'Re: sbp2: sbp2util_node_write_no_wait failed'

[prev in list] [next in list] [prev in thread] [next in thread] 

List:       linux1394-devel
Subject:    Re: sbp2: sbp2util_node_write_no_wait failed
From:       Michael Brade <brade () informatik ! uni-muenchen ! de>
Date:       2005-11-05 0:36:32
Message-ID: 200511050136.36245.brade () informatik ! uni-muenchen ! de
[Download RAW message or body]

On Friday 04 November 2005 23:13, Stefan Richter wrote:
> Michael Brade wrote:
> > Heh, good news, debugging finished! :-)
>
> Let's say, _nearly_ finished.
Ok, fair enough, however, you didn't tell me yet what to do next...

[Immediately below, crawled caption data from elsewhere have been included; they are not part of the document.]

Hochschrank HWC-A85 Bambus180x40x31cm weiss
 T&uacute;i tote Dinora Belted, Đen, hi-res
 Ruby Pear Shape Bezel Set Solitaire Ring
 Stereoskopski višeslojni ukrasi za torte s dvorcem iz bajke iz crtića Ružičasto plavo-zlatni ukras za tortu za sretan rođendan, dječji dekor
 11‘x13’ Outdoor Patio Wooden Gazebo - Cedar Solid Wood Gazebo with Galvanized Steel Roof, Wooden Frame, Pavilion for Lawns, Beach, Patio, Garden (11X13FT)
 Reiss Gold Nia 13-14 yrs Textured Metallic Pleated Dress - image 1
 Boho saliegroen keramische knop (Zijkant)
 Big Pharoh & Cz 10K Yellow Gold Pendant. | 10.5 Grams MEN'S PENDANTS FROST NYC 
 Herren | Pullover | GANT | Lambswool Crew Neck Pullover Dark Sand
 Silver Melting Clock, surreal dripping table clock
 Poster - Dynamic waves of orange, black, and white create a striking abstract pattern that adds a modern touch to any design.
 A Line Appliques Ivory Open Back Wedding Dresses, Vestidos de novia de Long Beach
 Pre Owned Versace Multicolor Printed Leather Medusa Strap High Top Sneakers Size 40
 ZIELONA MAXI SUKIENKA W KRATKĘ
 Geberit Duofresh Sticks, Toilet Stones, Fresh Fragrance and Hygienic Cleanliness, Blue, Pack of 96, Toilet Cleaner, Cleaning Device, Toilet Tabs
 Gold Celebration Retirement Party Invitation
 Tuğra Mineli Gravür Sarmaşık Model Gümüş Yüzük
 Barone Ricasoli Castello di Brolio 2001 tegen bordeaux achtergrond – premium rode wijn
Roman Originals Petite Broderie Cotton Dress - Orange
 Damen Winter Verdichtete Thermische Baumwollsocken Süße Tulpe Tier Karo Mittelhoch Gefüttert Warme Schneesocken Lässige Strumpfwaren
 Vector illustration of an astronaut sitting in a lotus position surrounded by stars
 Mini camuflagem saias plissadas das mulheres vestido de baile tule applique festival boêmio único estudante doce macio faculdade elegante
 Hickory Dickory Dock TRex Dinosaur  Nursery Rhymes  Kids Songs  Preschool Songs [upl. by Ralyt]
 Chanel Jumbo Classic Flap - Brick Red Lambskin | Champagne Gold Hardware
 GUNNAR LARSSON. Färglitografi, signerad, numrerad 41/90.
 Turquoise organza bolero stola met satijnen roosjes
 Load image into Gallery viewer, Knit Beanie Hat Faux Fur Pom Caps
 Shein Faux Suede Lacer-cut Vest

> There are 64 tlabels, therefore what you have seen is that sbp2 added
> ORBs and rung the doorbell 64 times while the target did not finish
> these 64 small transactions to the doorbell register with a response.
Yep, but what I don't quite understand yet is when exactly it happens. It 
seems that I can copy one huge file almost without errors, maybe one or two, 
rarely more. But when I write a lot of small files and try to do some reading 
inbetween the error happens every 10 seconds or worse. With the odd exception 
to the rule.

> > Any idea what to fix?
>
> I am unsure.
>
> Idea 1:
>
> Maybe we could move the initiator's part of the protocol (in particular,
> writes to command block agent register and writes to doorbell register)
> out of atomic context, e.g. into an additional kthread or into a
> workqueue. That would let sbp2 wait for availability of a tlabel.
That sounds about good to me ;-)

> Moreover, as I said in an earlier reply, there are many reports about
> mysterious "aborting sbp2 command" mishaps but only few reports about
> "sbp2util_node_write_no_wait failed" along with command abortions.
Hm, I have no idea about how many "aborting sbp2 command" reports there are 
but I found quite some reports on Google with the sbp2util_node_write_no_wait 
failed, none of them with a good answer though.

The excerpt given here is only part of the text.